| Problem |
The response must consist of the lines from the one holding "Dalmatian Pelican at" through the final line of the entries, given again exactly and without any pictures.

Captioned web images
■ ■ ■
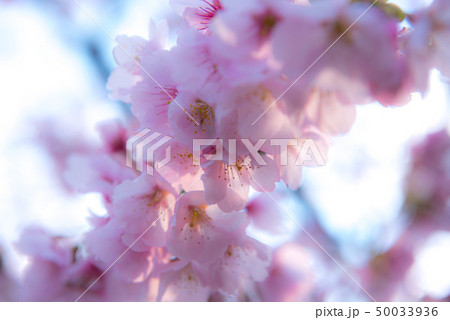 伊豆 桜 伊豆 桜 50033936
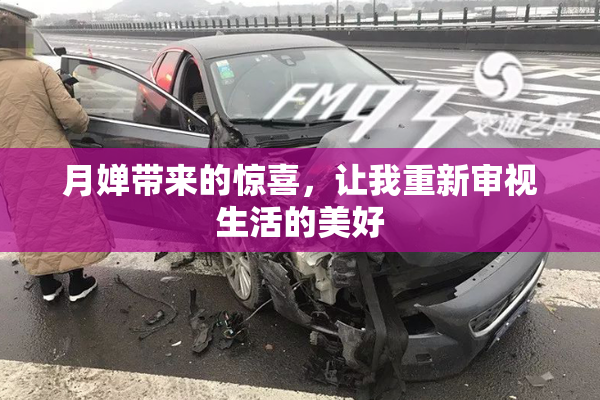 月婵带来的惊喜，让我重新审视生活的美好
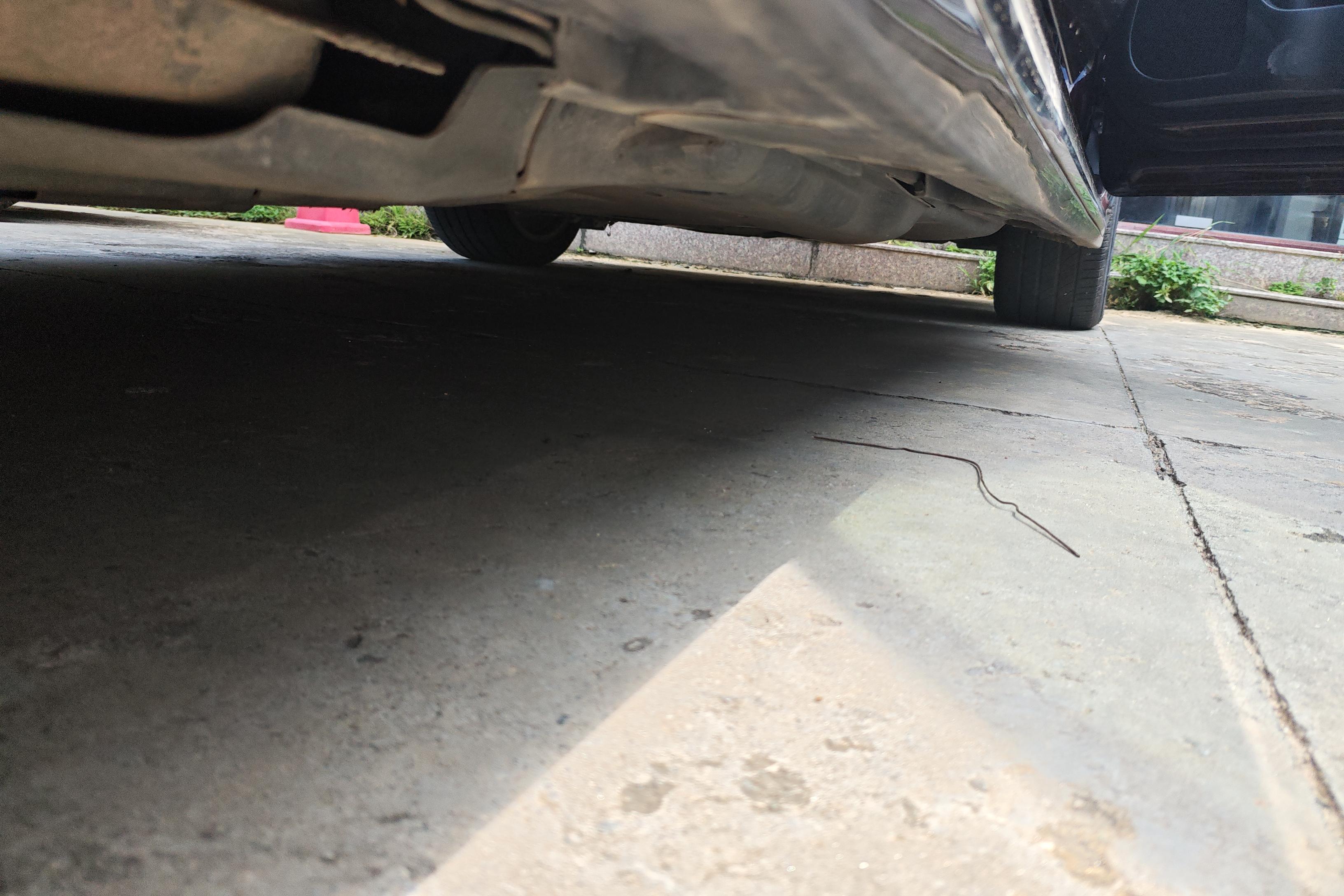 丰田皇冠 2018款 2.0T 自动 后驱 运动版 (国Ⅴ) 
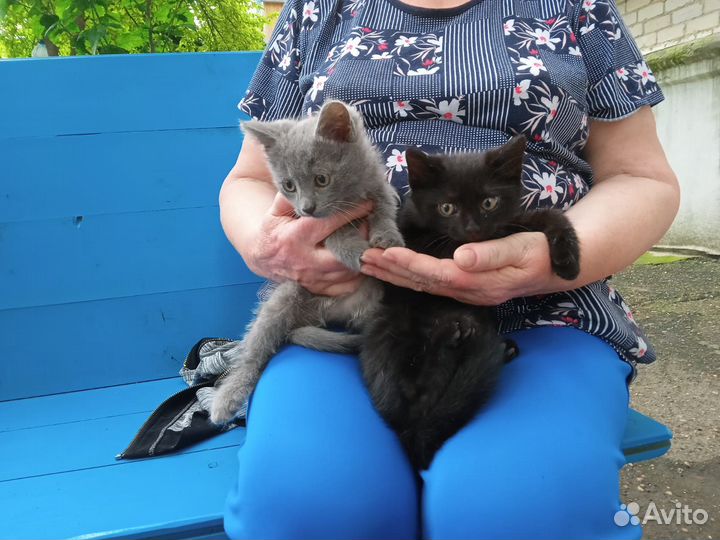 Котята в добрые руки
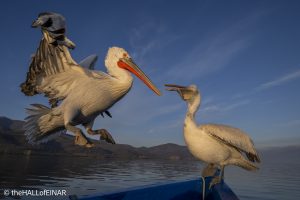 Dalmatian Pelican at Lake Kerkini - The Hall of Einar - photograph © David Bailey (not the)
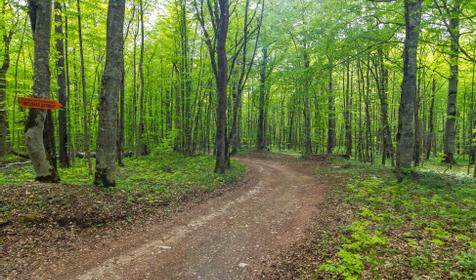 База отдыха Звездная долина, Апшеронский район, Лагонаки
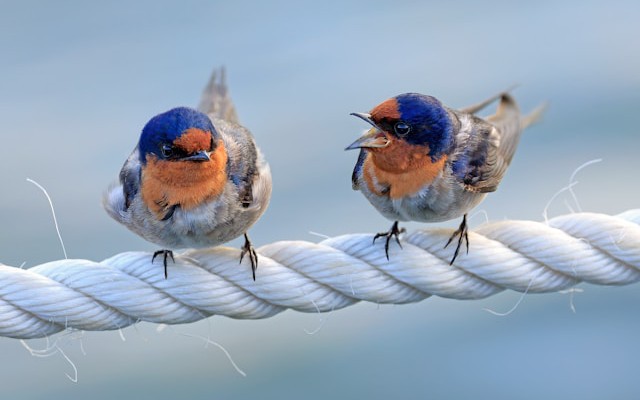 When MySQL, PostgreSQL, and Oracle Argue: Doris JDBC Catalog Acts as the Peacemaker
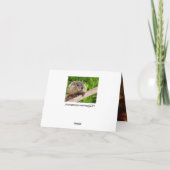 Groundhog Spaß Geburtstagskuchen-Karte Dankeskarte (Rückseite)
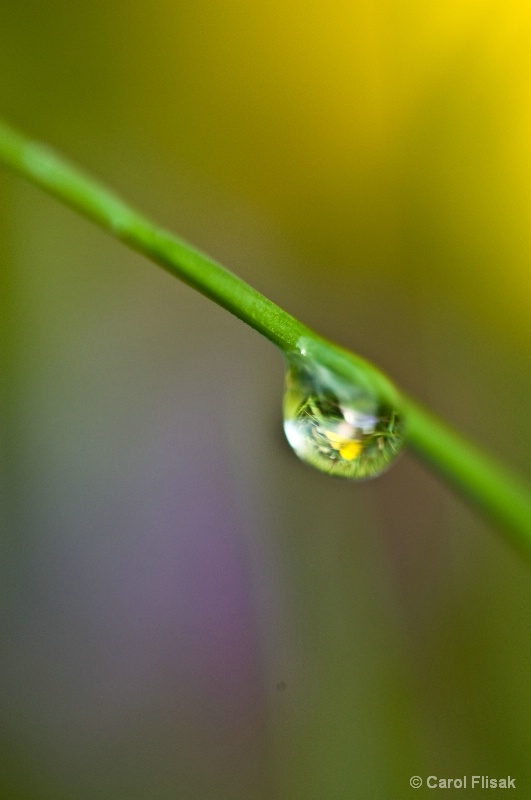 Morning Dew on a Blade of Grass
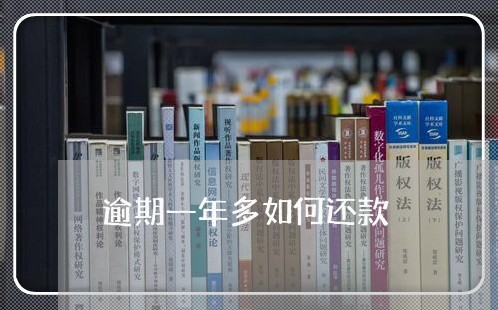 逾期一年多如何还款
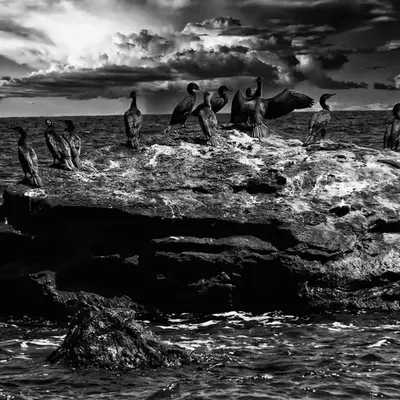 Birds, Rock, and Water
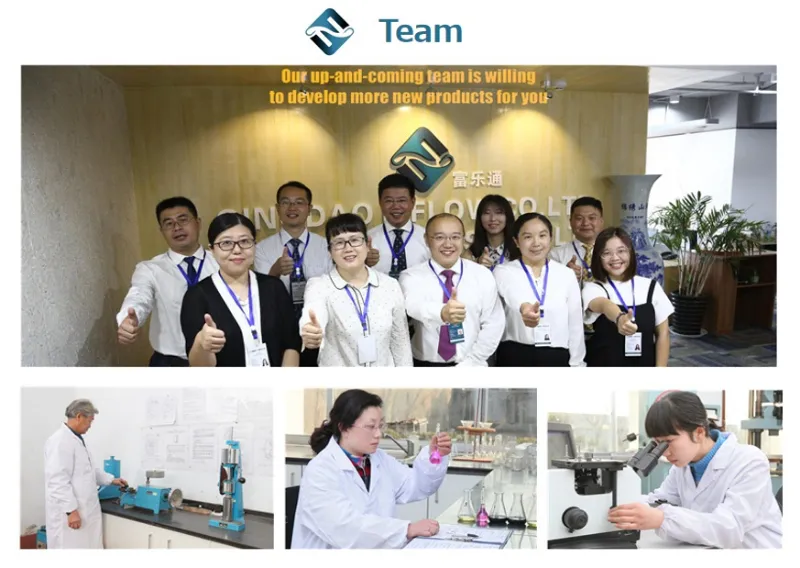 BS5150 Rising Stem Cast Iron Gate Valve with Bronze Ss Trim for Water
■ ■ ■
| Output of the task |
 Dalmatian Pelican at Lake Kerkini - The Hall of Einar - photograph © David Bailey (not the)
 База отдыха Звездная долина, Апшеронский район, Лагонаки
 When MySQL, PostgreSQL, and Oracle Argue: Doris JDBC Catalog Acts as the Peacemaker
 Groundhog Spaß Geburtstagskuchen-Karte Dankeskarte (Rückseite)
 Morning Dew on a Blade of Grass
 逾期一年多如何还款
 Birds, Rock, and Water
 BS5150 Rising Stem Cast Iron Gate Valve with Bronze Ss Trim for Water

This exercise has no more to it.